Dataset extract:
########

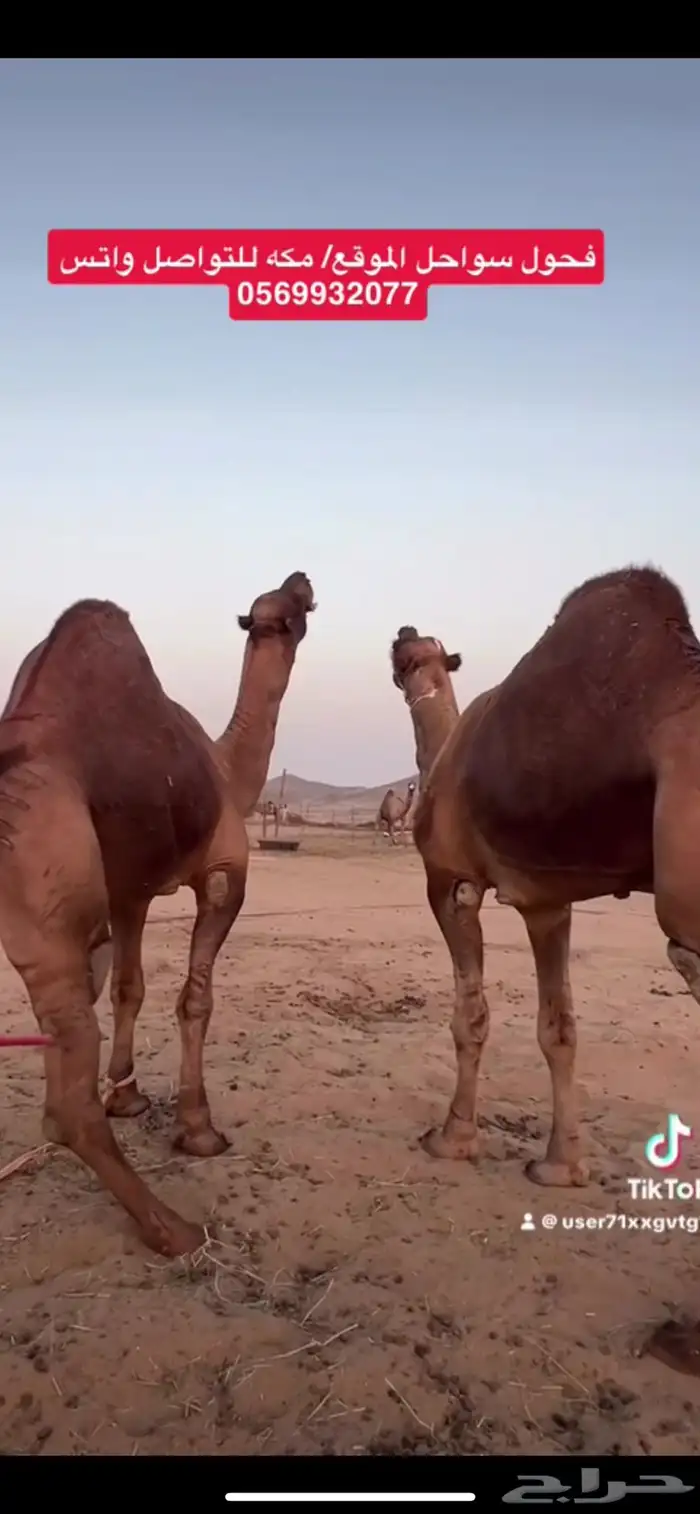 بعير جمل ساحلي 2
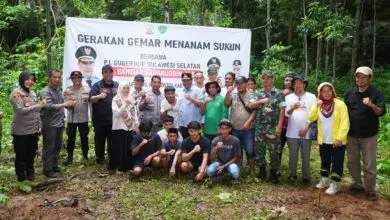 Pj Gubernur Mulai Penanaman Pohon Sukun di Rammang-rammang Maros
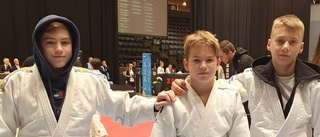 Judobröderna från Oxelösund ordnade varsin silvermedalj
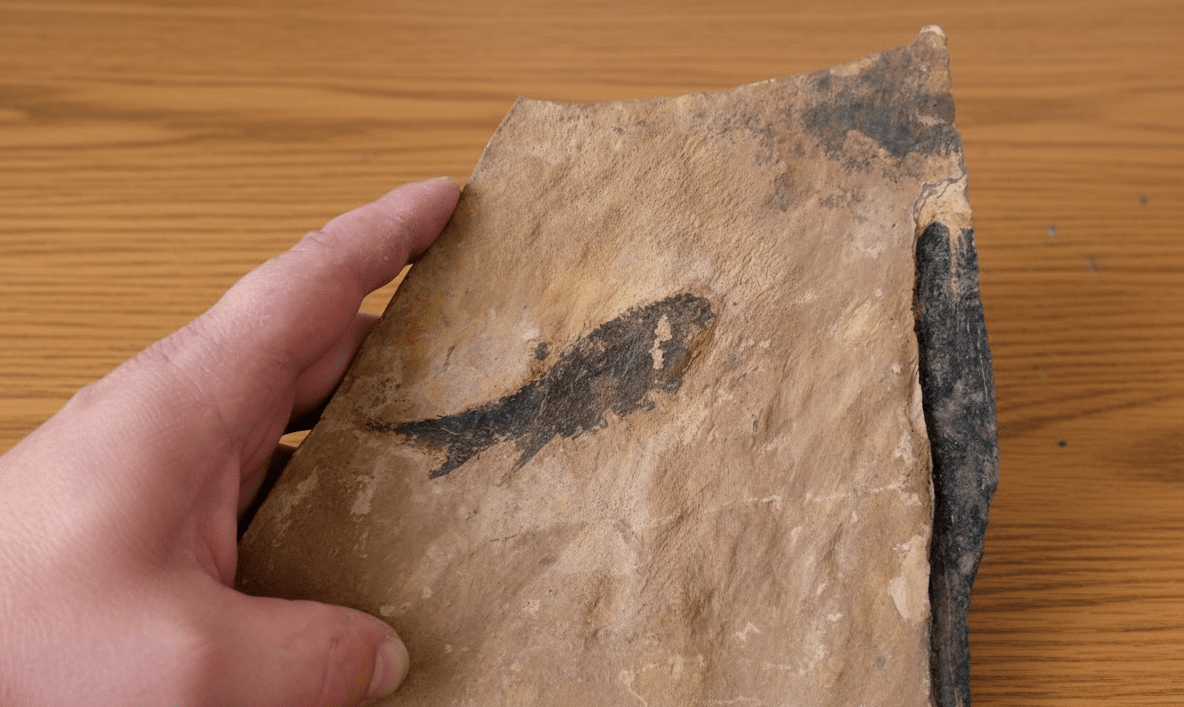 Paramblypterus, ryba - Supreme Panthers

########

Problem details: Once more, please print all the lines above exactly, without their pictures.

Answer:
 بعير جمل ساحلي 2
 Pj Gubernur Mulai Penanaman Pohon Sukun di Rammang-rammang Maros
 Judobröderna från Oxelösund ordnade varsin silvermedalj
 Paramblypterus, ryba - Supreme Panthers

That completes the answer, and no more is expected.